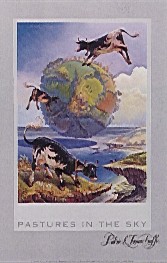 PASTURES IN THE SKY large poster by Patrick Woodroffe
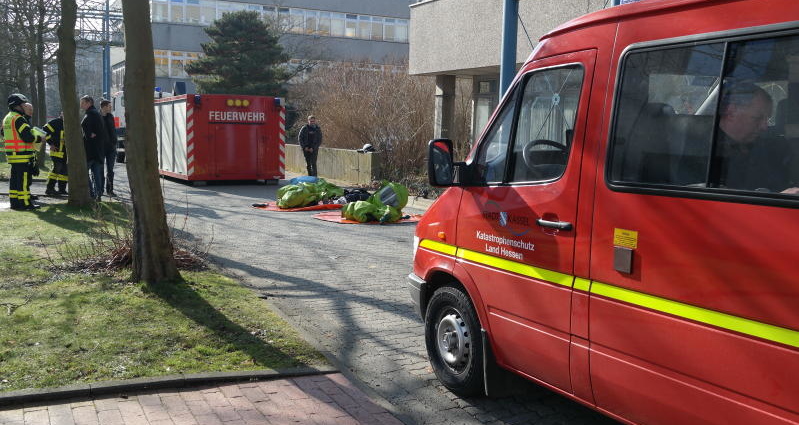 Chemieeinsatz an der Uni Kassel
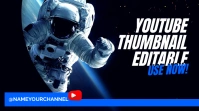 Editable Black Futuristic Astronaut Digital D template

...

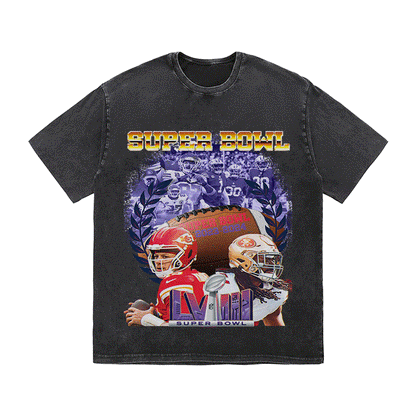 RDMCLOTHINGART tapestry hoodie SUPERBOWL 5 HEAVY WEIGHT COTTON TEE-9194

==

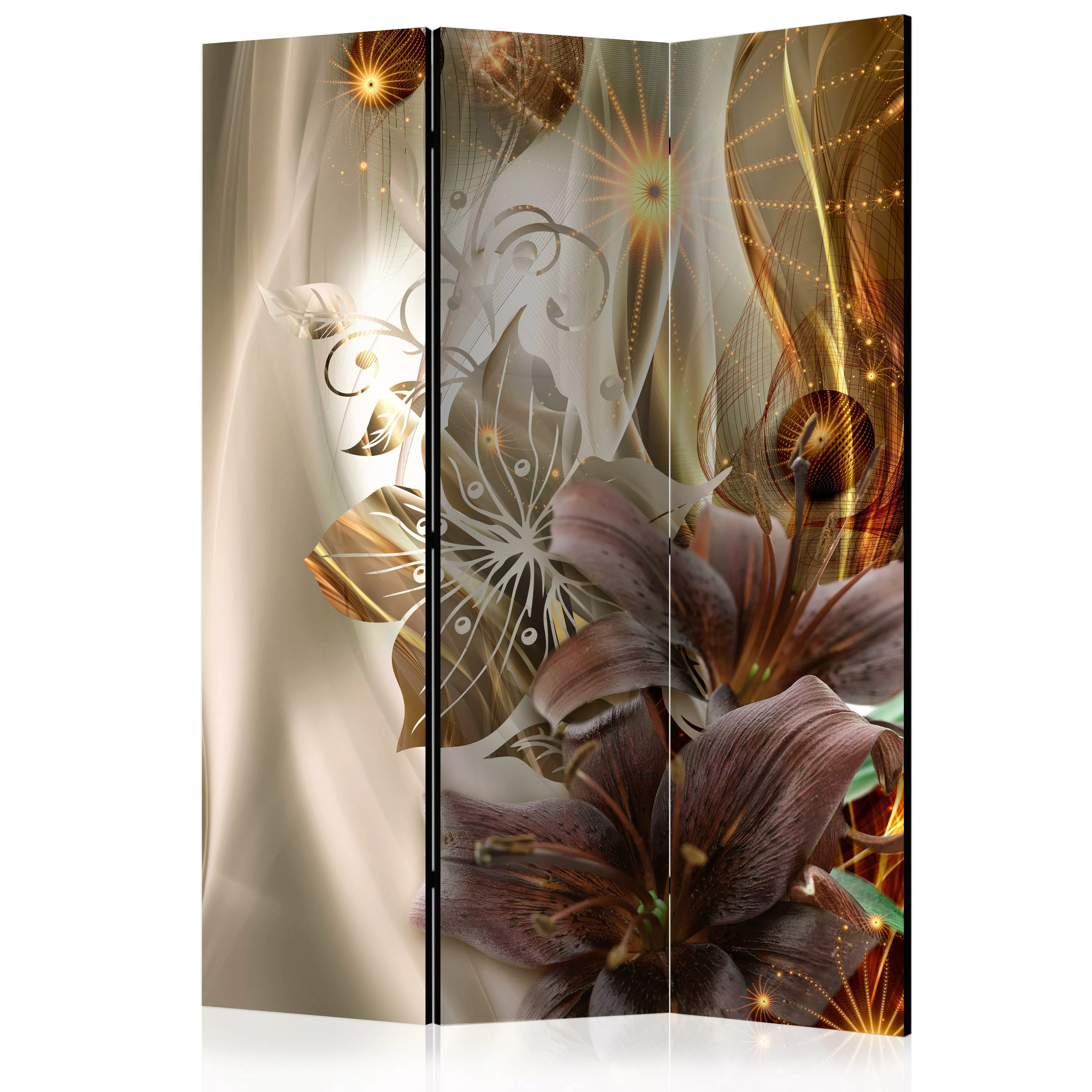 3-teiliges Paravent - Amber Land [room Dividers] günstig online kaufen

Aim of the exercise
From the material above, give again exactly the lines from the one that contains "PASTURES IN THE" through the one that contains "Editable Black Futuristic", and leave out the pictures.

Response to this task
 PASTURES IN THE SKY large poster by Patrick Woodroffe
 Chemieeinsatz an der Uni Kassel
 Editable Black Futuristic Astronaut Digital D template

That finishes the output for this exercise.